SPENT: A Comic Novel
by Alison Bechdel
Mariner Books. 272 pages, $32.
OVER THE PAST two decades, Alison Bechdel has become something of a cultural phenomenon, not just because of the spectacular success of her 2006 graphic memoir Fun Home, which was adapted into a blockbuster Broadway musical, but also due to the media litmus test she created to assess how well women are represented in film and fiction. The bar to pass is quite low, yet when she created it in the mid-1980s, many commercial creative endeavors failed miserably. Passing The Bechdel Test requires a work to contain two female characters who discuss anything other than a man. Needless to say, her new graphic novel, Spent, passes with flying colors.
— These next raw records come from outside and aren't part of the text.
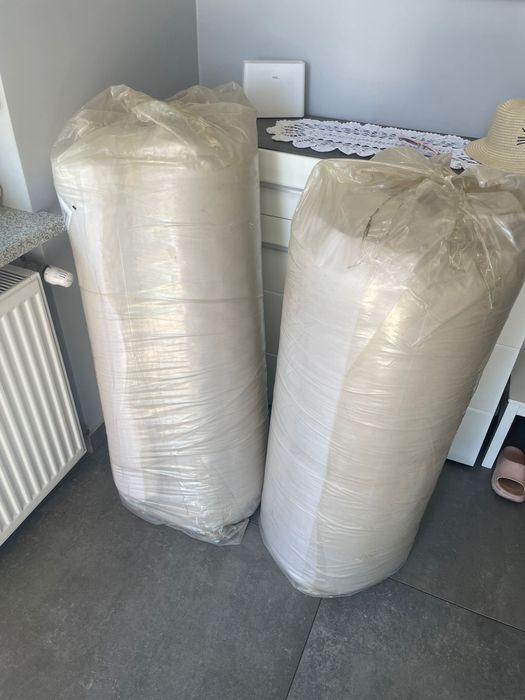 2xMaterac Dakota kokos 80x200x24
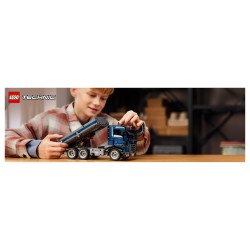 LEGO Technic Kipplaster 42203 — Buy in Cyprus with Fast Delivery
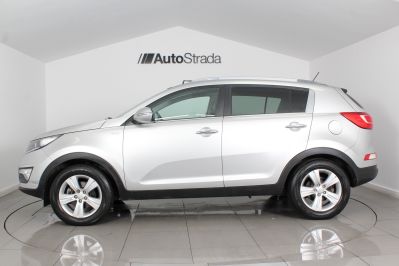 KIA SPORTAGE 2.0 KX-2 - 5646 - 6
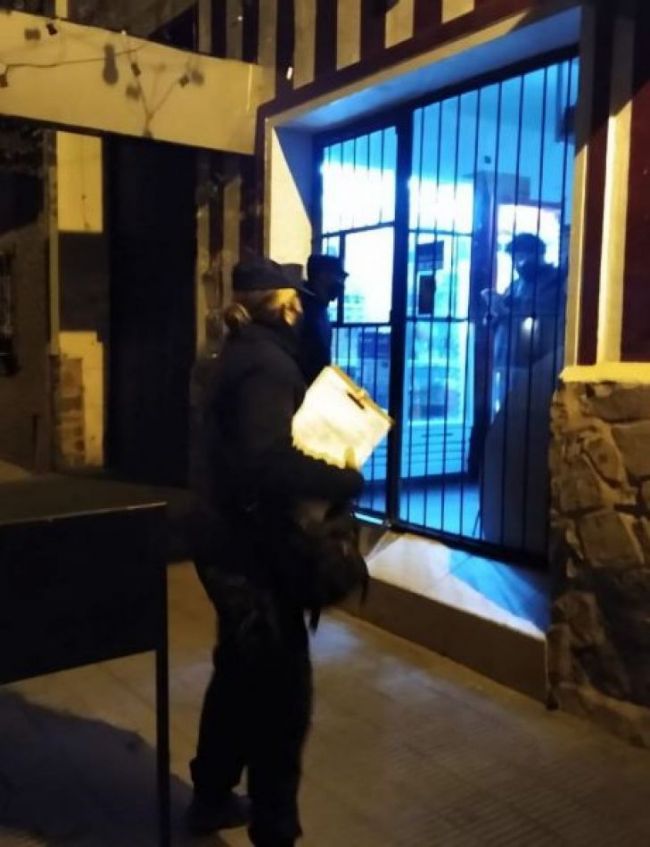 Operativos de seguridad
In Spent, her fifth semi-autobiographical graphic novel, Bechdel has a successful TV series based on her previous graphic novel Death and Taxidermy, which is streaming on Schmamazon (after Amazon, of course). The latter takes wild, absurd liberties with her life story, incorporating cannibalism, dragons, and hamburger-eating (Bechdel is a vegetarian). She’s also working on a new graphic novel with an attractive offer from a conservative media conglomerate in the vein of Rupert Murdoch’s media empire called Megalopub, which causes her significant moral angst. In her personal life, she co-owns and co-runs a pygmy goat sanctuary with her wife Holly in Vermont.
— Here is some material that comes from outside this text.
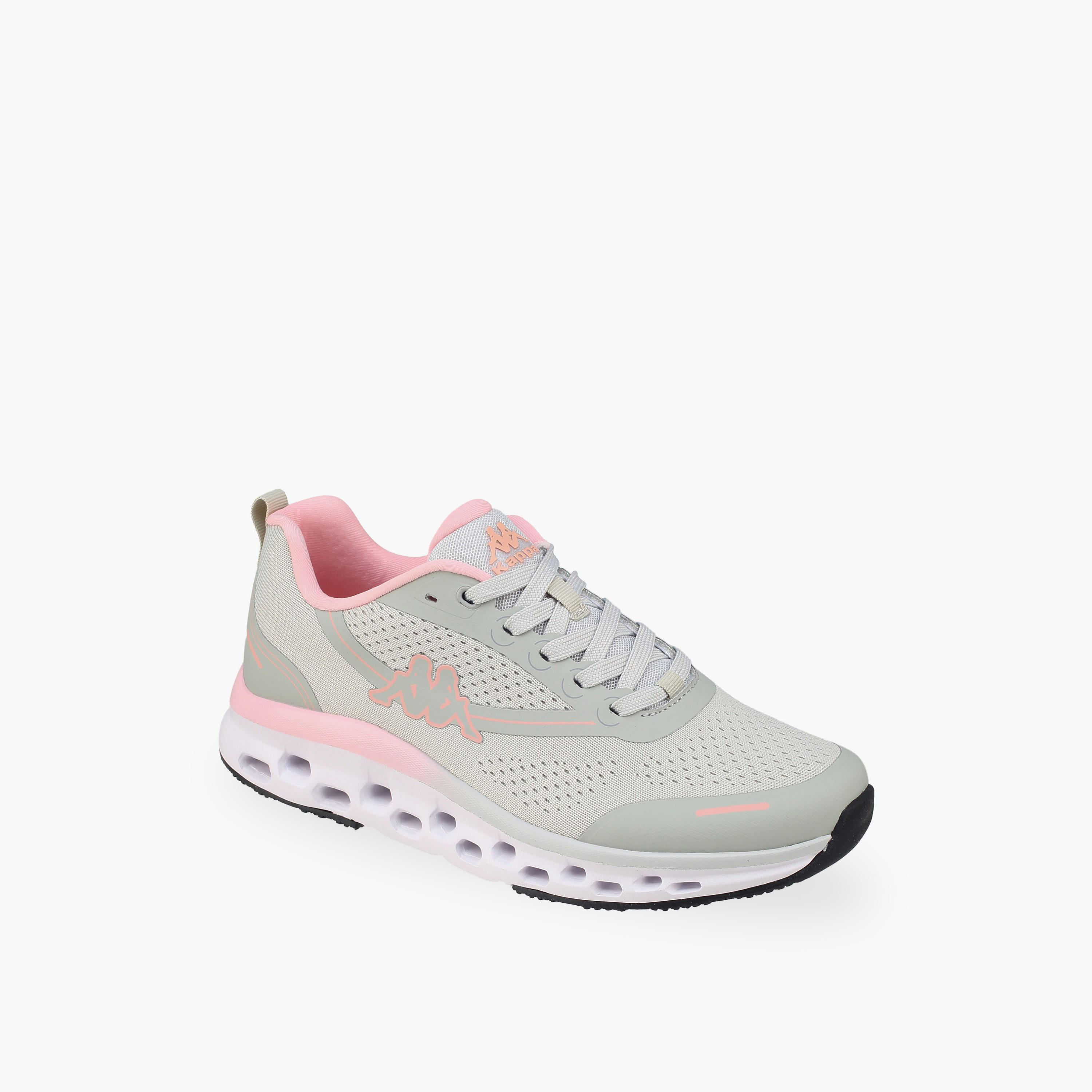Kappa Women Lace-Up Sports Shoes-women-shoes-sports-image-2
Her friends, based on characters from Dykes to Watch Out For, her weekly comic strip that ran from 1983 to 2008, envy her success, and everyone, even Bechdel, frets about their finances and the horror-show that is American politics (the book takes place in 2022, eerily forecasting the return of Trump). Troubled by the rise of fascism and the decline of both civilization and the environment, she imagines writing a book about late-stage capitalism, using her own privilege as an example. But soon she starts to see herself as a sellout. She berates herself for ordering almost everything on Amazon and gently pokes fun at her eccentric, hippie circle. It’s as if she sought to both revel in and subvert every cliché and stereotype the Right has of the Left as being hypersensitive, delusional tree-huggers. The book is a potent response to the disparagement of “leftist elitists,” and by that Bechdel means teachers, journalists, activists, librarians, community organizers, and nonprofit workers. “I feel like as I age, I’m somehow getting both more complacent and more hopeless,” she sighs.
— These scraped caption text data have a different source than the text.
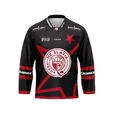 Authentic dres HC Slavia - 22/23 černý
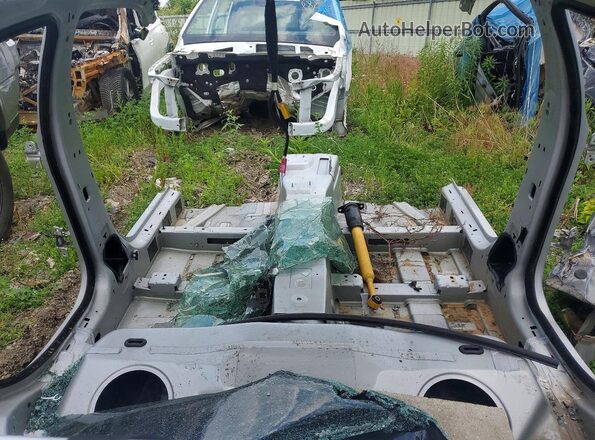 2C3CDXGJ6NH271080 2022 DODGE CHARGER Silver წინა პანელის ხედი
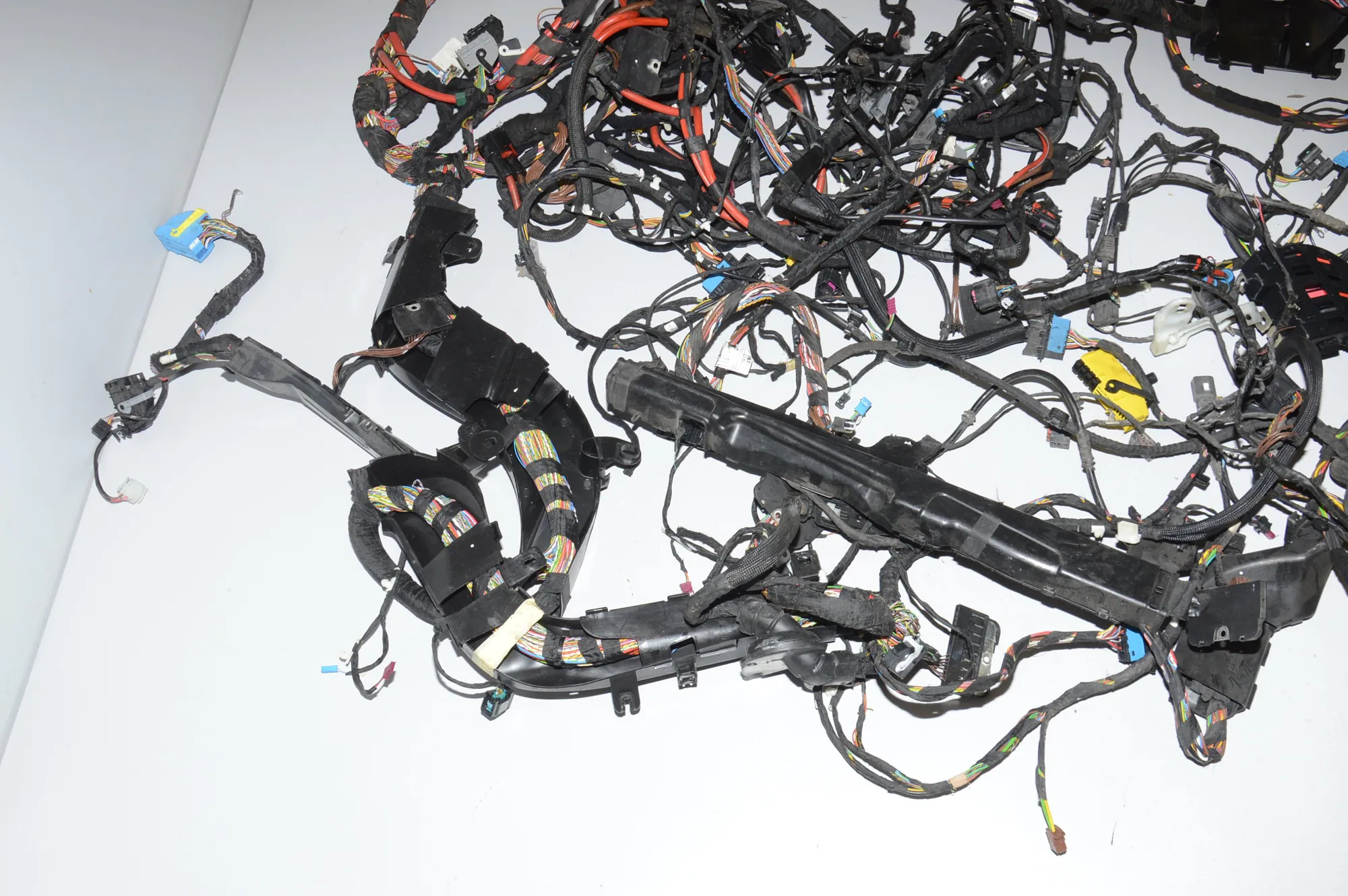 Cable Harness – OEM 9350313 · BMW 6 Gran Turismo (G32) (2017 - -) 640 i 2018 – 2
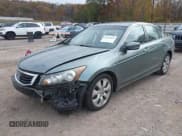 ✅ 2010 Honda Accord EX • VIN: 1HGCP2F7XAA107997 • Lot: 43664819. Listed on IAAI with 81,933 mi. Free auction sales archive from the USA and detailed vehicle history report at DreamBid. Image 2.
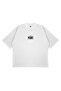 Unisex Picante Bag Print Palacio Back Print Oversize Thick Fabric Relaxed Cut Cotton T-Shirt - 3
Bechdel spins her wheels trying to come up with a socially conscious reality TV show to help people resist the capitalist grind of consumer pressures. I frequently found myself questioning whether Bechdel’s social consciousness was a product of guilt for her commercial success or a genuine existential dread. But then she establishes her leftist credentials, making it clear that even before she became a famous author and artist, she pledged ten percent of her earnings to charity. When she tells J. R., the nonbinary adult child of a friend who’s living in her yurt, about her plan for an anti-capitalist reality TV show, the young activist says: “I might be a college dropout but at least I know you can’t dismantle the master’s house with the master’s tools.”
Badger, J. R.’s girlfriend, responds to Bechdel’s reality TV ambitions by pointing out that it was another reality TV show that got the country into its current predicament: “A populace so distracted by capitalist entertainment products that they can no longer have serious discussions about the existential problems facing humanity.” J. R. chimes in: “If it weren’t for The Apprentice, we might be solving wealth inequality and the climate crisis instead of sitting around watching democracy die.”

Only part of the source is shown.